The system has achieved what Ehrenberg would call catastrophic elegance: it has made opposition impossible because there is no external force to oppose. Only the crushing weight of unlimited sovereign individuality. The treatment, in Ehrenberg's framework, is not individual therapy but institutional reconstruction — the building of external structures that absorb some of the burden that the age of performance has placed entirely on the individual.
Ehrenberg developed the argument across a decade of empirical work at the French CNRS, studying the clinical literature on depression alongside the sociological literature on individualism. La fatigue d'être soi (1998) synthesized this research into a thesis about the relationship between psychiatric categories and social arrangements, and subsequent works — The Mechanics of Passions (2000) and The Uneasiness of Democracy (2007) — extended the analysis to the broader question of how democratic societies balance freedom with meaning.
The concept has proven unusually prescient in the digital age. Technologies that promised liberation — social media, the gig economy, the creator platform — have produced new forms of exhaustion whose clinical shape Ehrenberg's framework predicted. AI represents the culmination of this pattern: a tool that removes the last external constraints on creative production and thereby makes the demand for initiative inescapable.
Depression as social, not chemical. The rise of depression tracks the rise of individualism — a social arrangement produces a characteristic pathology, not merely an individual vulnerability.
The passage from guilt to inadequacy. Disciplinary society produced neurotics who felt guilty for transgressing external rules. Performance society produces depressives who feel inadequate for failing to meet internal imperatives.
The alibi problem. External constraints provide alibis for failure. Their removal does not liberate the individual; it exposes her to the full weight of responsibility for outcomes.
The fatigue is existential. It cannot be cured by rest, because the demand that produces it cannot be escaped through rest. It requires institutional mediation.
AI as completion. The frictionless interface is the technological culmination of the social trajectory Ehrenberg traced — the last external constraint removed, the last alibi eliminated.
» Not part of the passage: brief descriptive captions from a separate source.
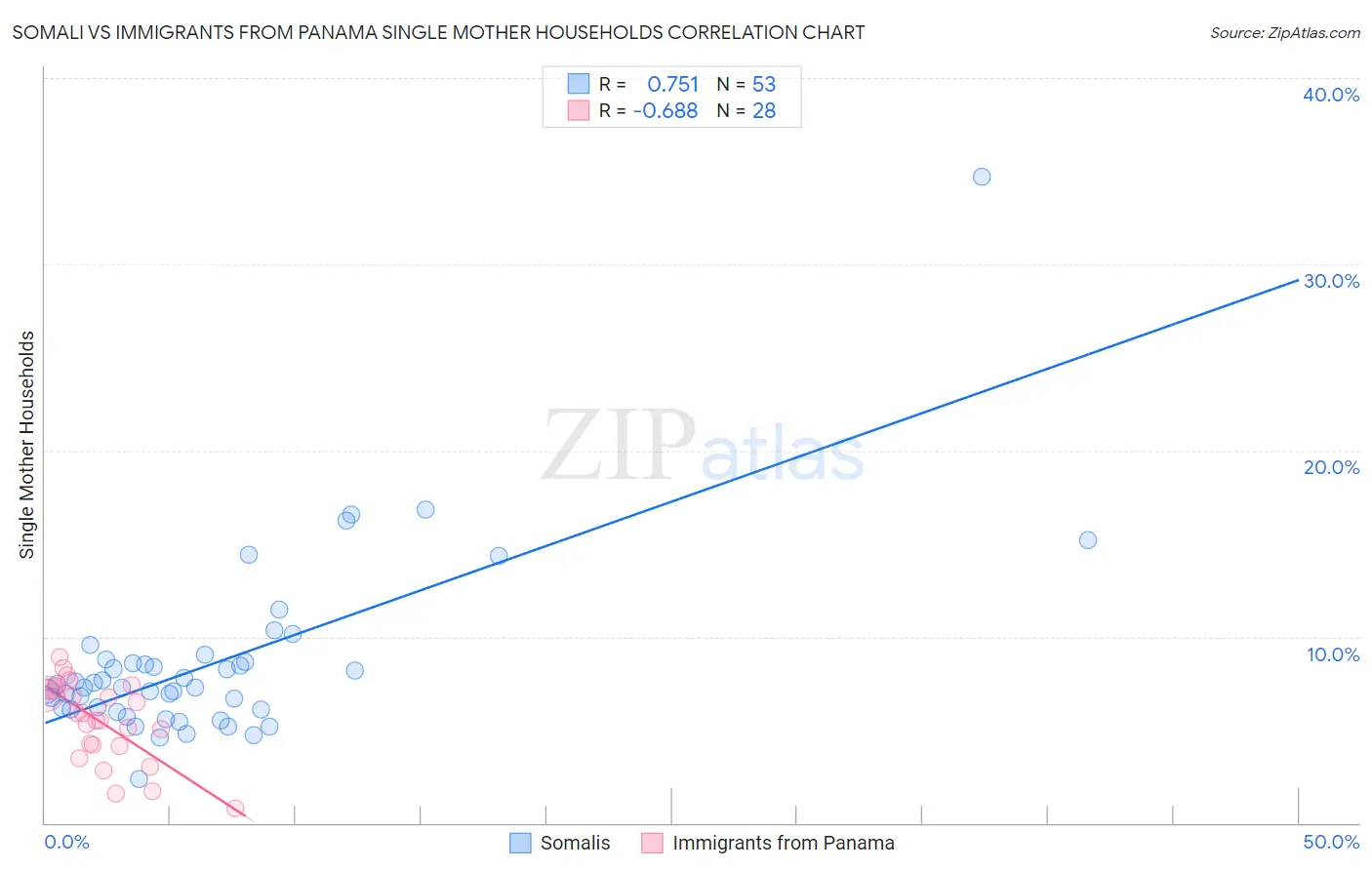 Somali vs Immigrants from Panama Single Mother Households
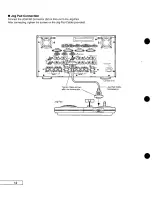 Preview for 14 page of Panasonic WJMX1200AK - WORK STATION MAIN Installation Manual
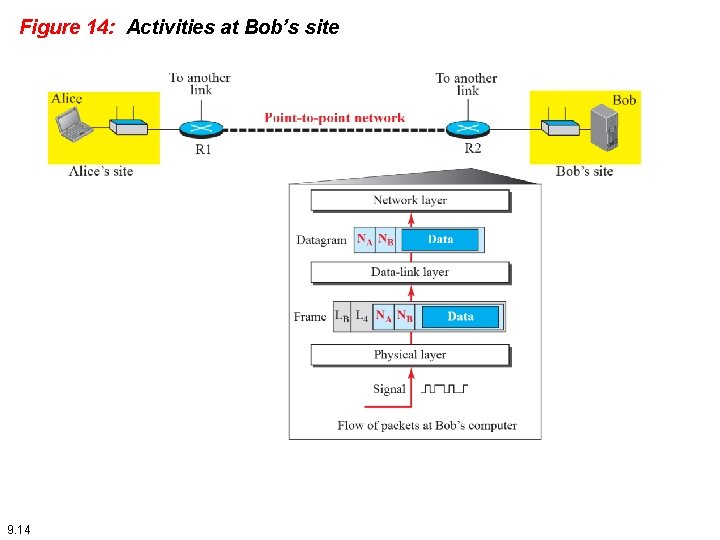 Figure 14: Activities at Bob’s site 9. 14 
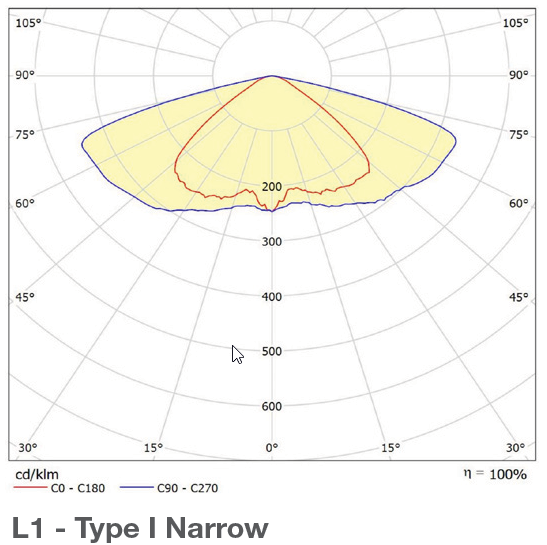 Yindi-L1-Type-I-Narrow-photometric-1.png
Critics have argued that Ehrenberg overstates the discontinuity between disciplinary and performance societies, and that depression's biological substrate makes his sociological reading insufficient. Defenders respond that the sociological and biological readings are not competitors — that Ehrenberg is explaining why the biological vulnerability expresses itself as depression rather than as some other pathology in this particular social moment. The AI discourse has largely ignored Ehrenberg until recently, with the triumphalist accounts preferring frameworks that locate dysfunction in the individual rather than the arrangement.